Description of changes

Partially addressed issues in https://github.com/chroma-core/hosted-chroma/issues/2806

Rewrote the content such that it makes sense without reading our publication
Notebook will use Chroma cloud if a Chroma API key is provided
Changed structure of locally imported data -- it is now now no long necessary to provide your own IDs

Test plan

Run notebook using fresh kernel
test locally, test w/ cloud

Room for improvement

Right now, generating the golden dataset and using the golden dataset to compare embedding models are two different workflows. I want to combine them into one experience.
chroma install is currently not able to upload data to a Chroma collection. This needs to be addressed in a separate PR.

kylediaz · 2025-05-22T15:34:32Z

[ENH] Generative benchmarking chroma cloud support #4601 👈 (View in Graphite)
main

This stack of pull requests is managed by Graphite. Learn more about stacking.

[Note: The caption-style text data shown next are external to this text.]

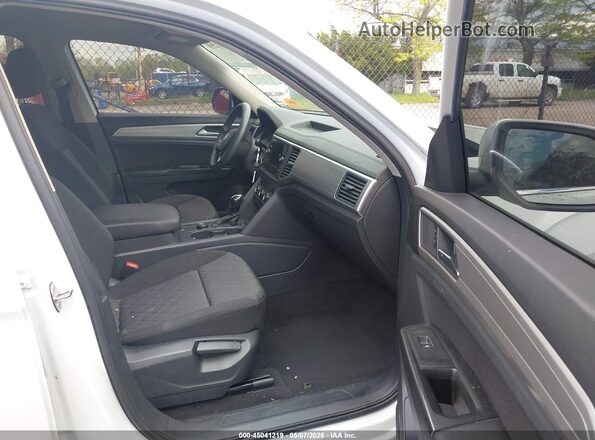 1V2HR2CA0JC513126 2018 VOLKSWAGEN ATLAS Белый Вид салона спереди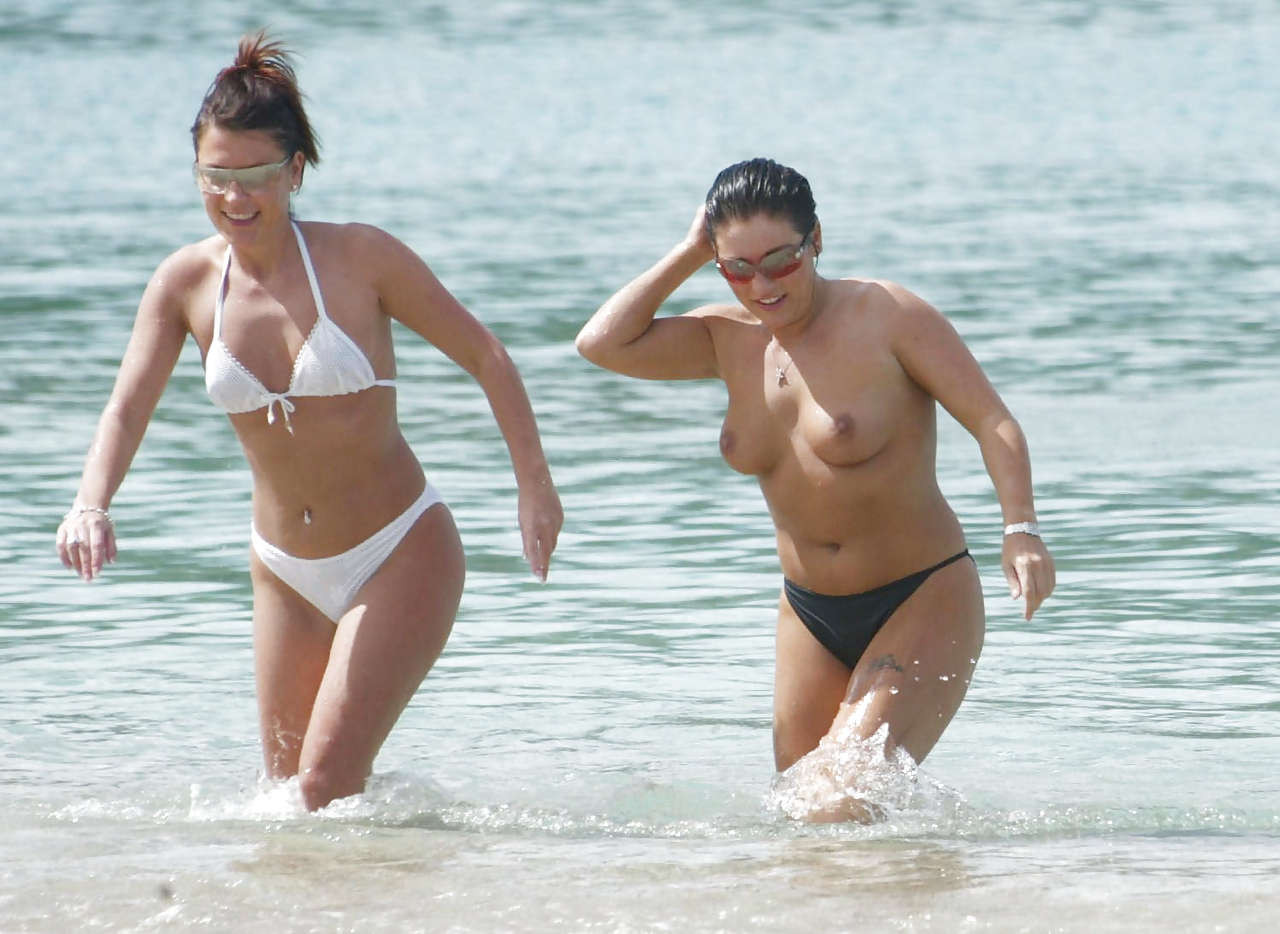 Jessie Wallace showing her nice big tits in water paparazzi pictures #75280749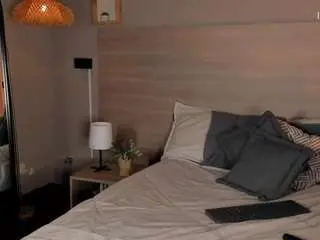 Nayahh  live sex cam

github-actions · 2025-05-22T15:34:37Z

github-actions · 2025-05-22T15:34:39Z

Please tag your PR title with one of: [ENH | BUG | DOC | TST | BLD | PERF | TYP | CLN | CHORE]. See https://docs.trychroma.com/contributing#contributing-code-and-ideas

propel-code-bot · 2025-05-22T20:27:21Z

Add Chroma Cloud Support to Generative Benchmarking and Improve Usability

This PR introduces significant changes to the generative benchmarking sample application by adding seamless Chroma Cloud support to the Jupyter notebook workflow. Users can now benchmark either local or Chroma Cloud collections by providing the appropriate environment variables, with automated detection of cloud/local backends. The notebook was fully refactored for clarity, splitting out local data upload/setup logic into a new load_data.py script and making the data import structure more flexible (user-provided IDs no longer required). Substantial usability improvements were made, including better prompts, reorganization of setup and dataset configuration steps, clearer output, and code cleanup. Utility functions were added/expanded for environment detection and name normalization.

Key Changes:
• Major rework of generate_benchmark.ipynb: restructured for cloud/local workflow, clarified setup and workflow, improved user guidance.
• Added Chroma Cloud API key integration; automatic switching based on provided environment variables.
• Refactored data loading: adopted a new flexible structure and removed requirement for user-provided document IDs.
• Introduced load_data.py script for uploading local user data to Chroma collections with automatic embedding and ID assignment.
• Enhanced utility script (functions/utils.py) with env detection and name normalization utilities.
• Numerous minor corrections: improved output consistency, notebook kernel spec updates, minor bugfixes, and doc updates.

Affected Areas:
• sample_apps/generative_benchmarking/generate_benchmark.ipynb
• sample_apps/generative_benchmarking/load_data.py
• sample_apps/generative_benchmarking/functions/utils.py

Potential Impact:

Functionality: Significantly improves onboarding and experience for users benchmarking on Chroma (cloud or local), allowing easier switching between backends and supporting new user workflows.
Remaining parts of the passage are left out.